VAREY - THE FRENCH CONNECTION

Written by James Frank Varey - November 1999

Our search for a family origin in France was originally sparked off by my Father. Family tradition, passed to him by his Father, has it - simply - that the family came from France, but with no indication as to when or from which part. His supposition, based on no particular evidence, was that the first Vareys to enter this country must have been Huguenots, but once we started digging, this idea was quickly discounted. The Vareys were well established in Northumberland, Westmorland and Yorkshire by the middle of the 16th. century, long before the Huguenot influx which followed the revocation of The Edict of Nantes in 1685. However, to make quite sure, we checked Huguenot sources in London (mostly membership lists for the French churches in London), but without finding any Vareys.

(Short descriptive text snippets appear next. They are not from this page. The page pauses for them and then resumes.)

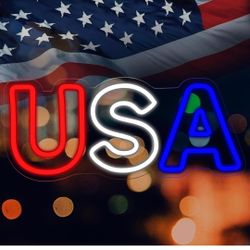 USA Neon Sign for Wall Decor,15.7"×6.7",Dimmable USB Powered Led Neon Lights,Patriotic Decorations for Party,Memorial Day Door Sign,July 4th Memorial 
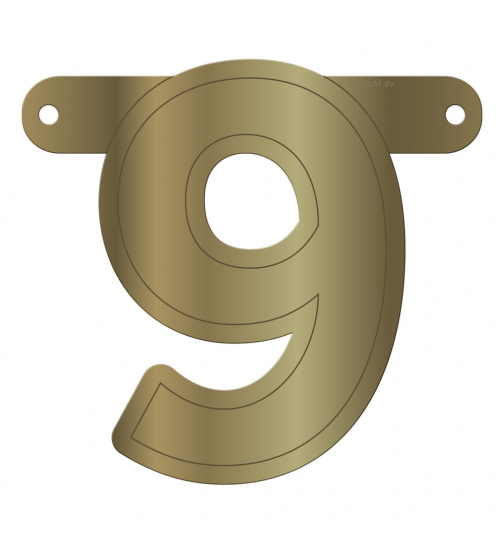 Banner-Girlande Ziffer / Zahl 9 Gold Metallic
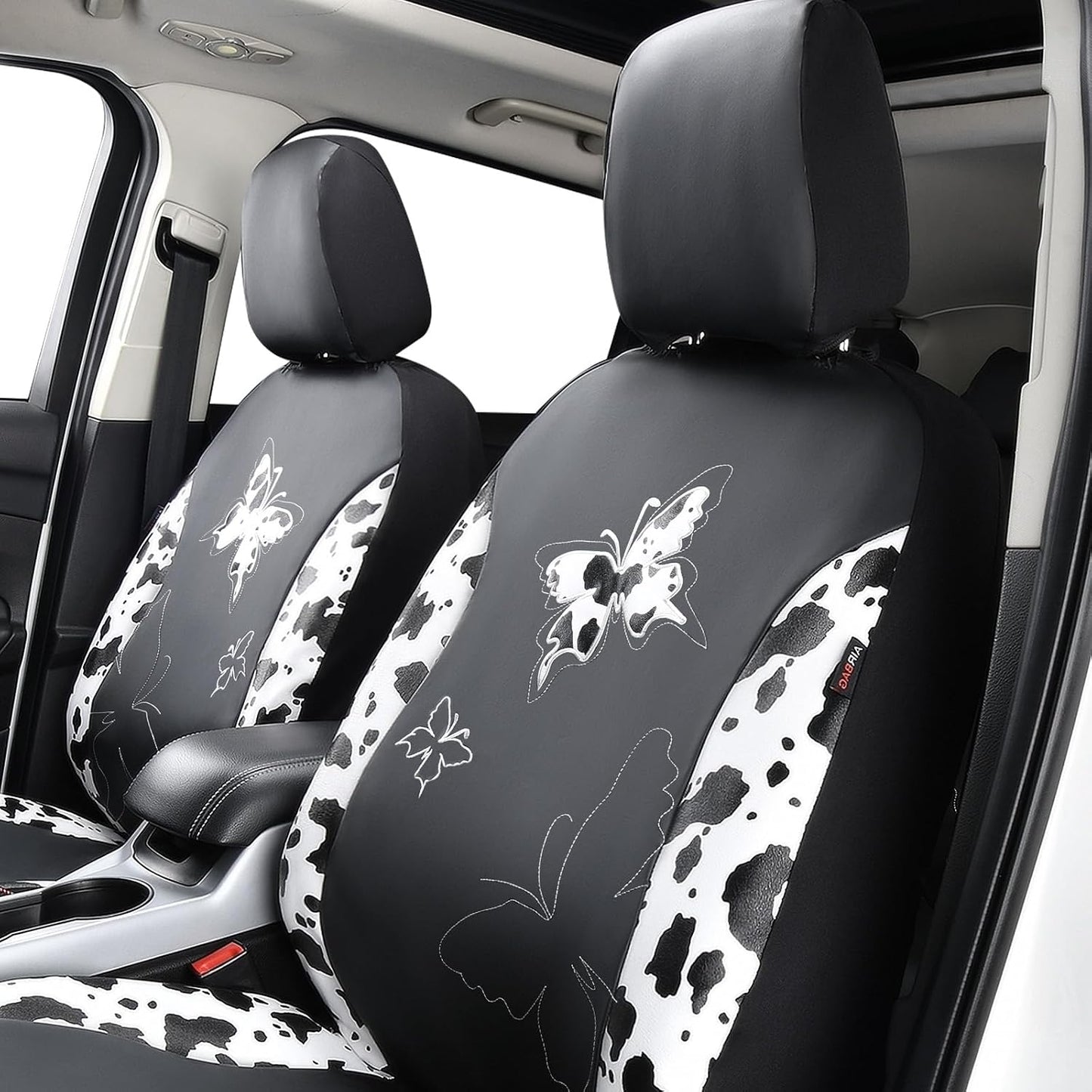 Flying Banner Butterfly car seat Covers ful Set Fashion Universal Lady Woman Female Rear Bench Split Colorized (Pink, 2 Fronts - Lace)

We therefore started looking at earlier possibilities which might explain how the Vareys came to be established in England. We could find no evidence of an indigenous origin; Varey is not a place-name in England, nor a name linked to an occupation; nor does it appear to be descriptive of any physical peculiarity. It is plausible therefore that it is an import, and since the name is well known in France from at least the 9th. century, we decided to start our researches at that end.

The history of the name Varey in France, in one or other of its variant forms, is open to some speculation. It may derive from the Varasci, a Germanic tribe from the Varais, one of the Alamanni group of tribes, mentioned by the Romans, who - in one of the later barbarian invasions - settled around Besançon. They were "reduced" by the Franks around the year 600, but might perhaps have left some traces of their presence. An alternative - and the etymology might support this - is that the name originated with a Gallo-Roman (i.e. Celtic) landowner called Varus or Varius, in the region of Bourges.

Whatever the derivation, by the 9th. century, in the reign of Charlemagne, Varey was already identified as a fortified site in the modern Department of Ain, in south-east France, some 25 kms. SE of Bourg-en-Bresse and 60 kms. NE of Lyon. Around 1150 a chateau had been built on the site by the Coligny family, but as so often happened, the chateau had a chequered history, with frequent changes of ownership. It was besieged in 1325 by the Comte de Savoie, fighting against the forces of the Comte de Geneve and the Dauphin, and again in 1595 during the Wars of Religion. It was burnt down during the Revolution and was abandoned for some fifty years, but was rebuilt in the mid-19th. century and is now a centre for the treatment of mentally disturbed children. Varey is to-day a small village, dominated by the chateau, with a subsidiary hamlet, the Abergement de Varey, about kms to the SE.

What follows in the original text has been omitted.